Evan
when I try to generate_mapping(create_tables=True) I get the following - is it possible to create the schema through ponyorm or should I use a different tool like pgadmin?
InvalidSchemaName: schema "schema1" does not exist
Alexander
You need to create schema using pgadmin
Evan
had another question - I'm trying to copy from one database to another so and there are 6500 rows in the database with some hops etc
this seems to take a huge amount of time 4-5hours to complete - any idea why? or what I can do to make it faster? Is this an i/o issue (ie i'm loading things from a db locally then saving them back which means there are 2 round trips?)
thank you in advance
Alexander
Probably another process also works with the same DB, and some blocking issues arise.

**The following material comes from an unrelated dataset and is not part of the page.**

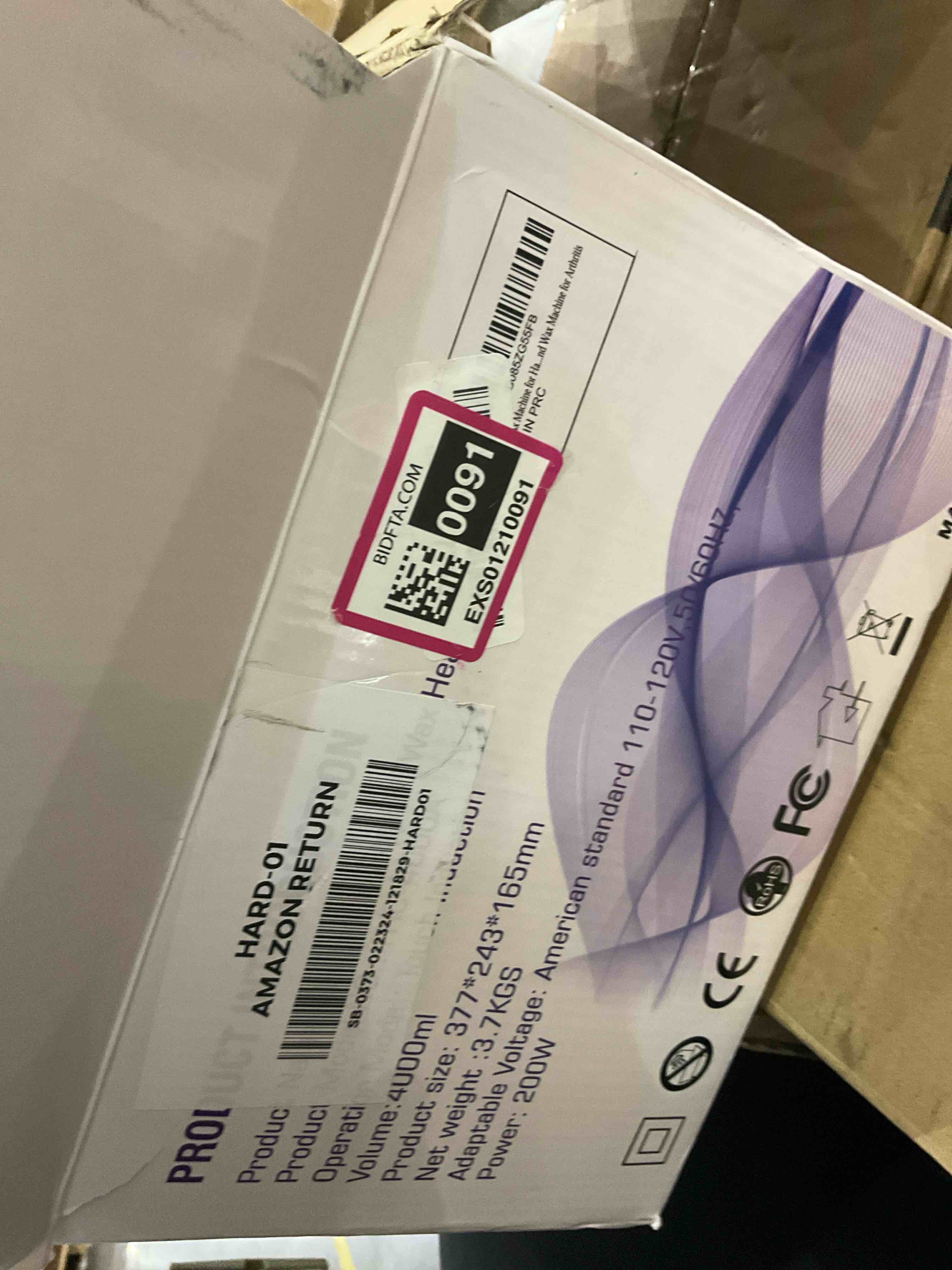https://s3.amazonaws.com/lotting-images-prod/BargainHunt/EXS01210091_1711543918662.jpeg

6500 rows is a very small amount and should be copied instantly
Maybe you create a separate db_session for each row copied, it can slow down the process. You can try to wrap writing all these rows to a second DB into a single db_session
Evan
could this message be related?
"connection to server at "XXXXXX" port XXX failed: FATAL: remaining connection slots are reserved for non-replication superuser connections
does pony somehow leave connections outstanding?
Alexander
How your script that copies data is organized? Does it use multiple threads/processes or async code?
Evan
nope this is what it looks like and the total rows across all tables is ~250k which still seems small the 6.5k rows are for the equivalent of Table_1 below
with orm.db_session:
n = old_db.Table_1.select().count()
for t in tqdm.notebook.tqdm(old_db.Table_1.select(), total=n):
t_ = new_db.Table_1(
attr_1=t.attr_1,
attr_2=t.attr_2,
...
)
for s1 in t.set_1:
new_db.Table_2(
attr_1=s1.attr_1,
attr_2=s2.attr_2,
...
ref_table_1=t_,
)
orm.commit()
Evan
(or at least I think I don't have any async code)
Evan
lmk if the above is not the right approach or if you want some additional information
old_db.Table_1 and new_db.Table_1 reside in different databases but on the same server
Radim
maybe commiting after each line also slowing this down?
Alexander
definitely
Evan
the reason I am doing that was that in the past It would go through everything and just get stuck on the commit (I think) as it was exiting the db_session and i had no way of knowing how long it would take and abandoning at that point meant that I would lose everything done so far as opposed to right now everything commited so far is not "lost"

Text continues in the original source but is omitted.